6 juillet 2011

[Jean-Marie Guénois - Le Figaro] Dialogue interreligieux pour la paix à Assise

SOURCE - Jean-Marie Guénois - Le Figaro - 6 juillet 2011

Benoît XVI priera avec d'autres religions pour la paix en récusant tout syncrétisme. Sa venue à Assise suscite déjà des critiques.

Comment lutter contre une «catastrophe spirituelle»? Comment parer un «événement qui fourvoie une multitude d'âmes»? Ces mots émanent de Mgr Bernard Fellay, supérieur général de la Fraternité Saint-Pie X, second successeur de Mgr Marcel Lefebvre. Il n'a pas eu de paroles assez dures pour critiquer l'initiative, annoncée par Benoît XVI, de venir fêter, le 27 octobre prochain à Assise, le 25e anniversaire de la rencontre interreligieuse pour la paix, menée par Jean-Paul II en 1986. Et surtout de renouveler la même opération de prière avec les autres grandes religions.

«Dépasser les a priori»

Dans une lettre ouverte, datée du 1er mai dernier, Mgr Fellay a donc tiré à boulets rouges contre ce projet: «Le renouvellement d'Assise, même édulcoré, même modifié (…) rappellera inévitablement le premier Assise, qui fut scandaleux sous tant d'aspects (…) où l'on a pu voir côte à côte le vicaire du Christ et une multitude bariolée de païens invoquant leurs faux dieux et leurs idoles.»

Sans répondre directement à Mgr Fellay, le cardinal français Jean-Louis Tauran, président du Conseil pontifical pour le dialogue interreligieux, a toutefois expliqué, dans un article publié par l'Osservatore Romano daté de mardi, en quoi l'anniversaire que Benoît XVI viendra fêter dans la ville de saint François, est loin d'être une catastrophe, vu de Rome. Et combien le dialogue avec les autres religions constitue un enjeu majeur.

Même si, de fait, cette notion est très mal comprise: «Le dialogue n'est pas une conversation entre responsables religieux ou croyants d'autres religions, précise le cardinal Tauran. Il ne s'agit pas non plus d'une tractation de type diplomatique; ce n'est pas le lieu d'un marchandage et encore moins de compromis. (…) Il ne cherche ni à souligner, ni à annuler les différences. Il ne vise pas à créer une religion globale, acceptée par tous (…) ; il ne concède rien à l'ambiguïté des concepts et des mots.»

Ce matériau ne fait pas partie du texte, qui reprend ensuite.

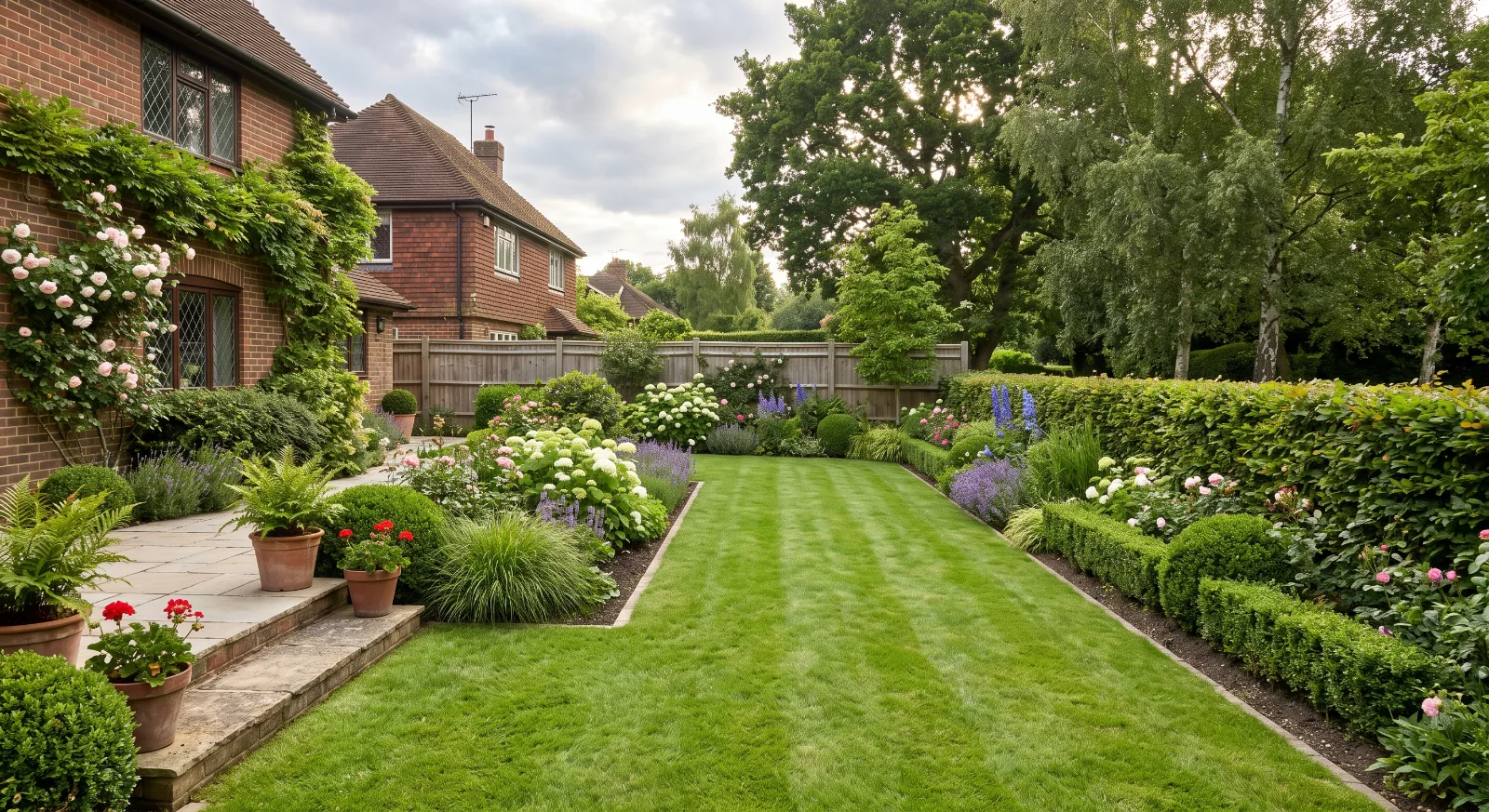 Regular garden maintenance in a Surrey garden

Au contraire, ajoute celui qui fut le ministre des Affaires étrangères de Jean-Paul II pendant treize ans, l'enjeu de ce dialogue comme de la rencontre d'octobre, est de créer un «espace pour un témoignage réciproque entre croyants» et de «corriger des images erronées, et dépasser les a priori et les stéréotypes sur les personnes et les communautés». Pour celui que Benoît XVI a choisi, après la crise de Ratisbonne (où une phrase du Pape sur les musulmans avait créé une polémique mondiale) pour mener le dialogue avec toutes les religions non chrétiennes, dont l'islam, ce dialogue entend «connaître l'autre, tel qu'il est, parce qu'il a le droit d'être connu ainsi et non à partir de ce que l'on dit de lui, et encore moins tel qu'on voudrait qu'il fut».

Un état d'esprit difficile à faire admettre, y compris dans l'Église. Déjà, en avril dernier, le Vatican avait publié une note pour justifier la présence du Pape à cette prière d'Assise: «Chaque être humain est, au fond, un pèlerin en quête de la vérité et du bien. C'est pourquoi, l'homme religieux reste toujours en chemin vers Dieu. De là naît la possibilité ou mieux, la nécessité de parler et de dialoguer avec tous, croyants ou non-croyants, sans renoncer à sa propre identité ou céder à des formes de syncrétisme.» Le risque de syncrétisme, ce mélange des convictions religieuses, était précisément la critique et la réserve, - il ne s'était pas rendu à Assise il y a 25 ans - que le cardinal Ratzinger, futur Benoît XVI, avait formulées à l'encontre de cette initiative de Jean-Paul II.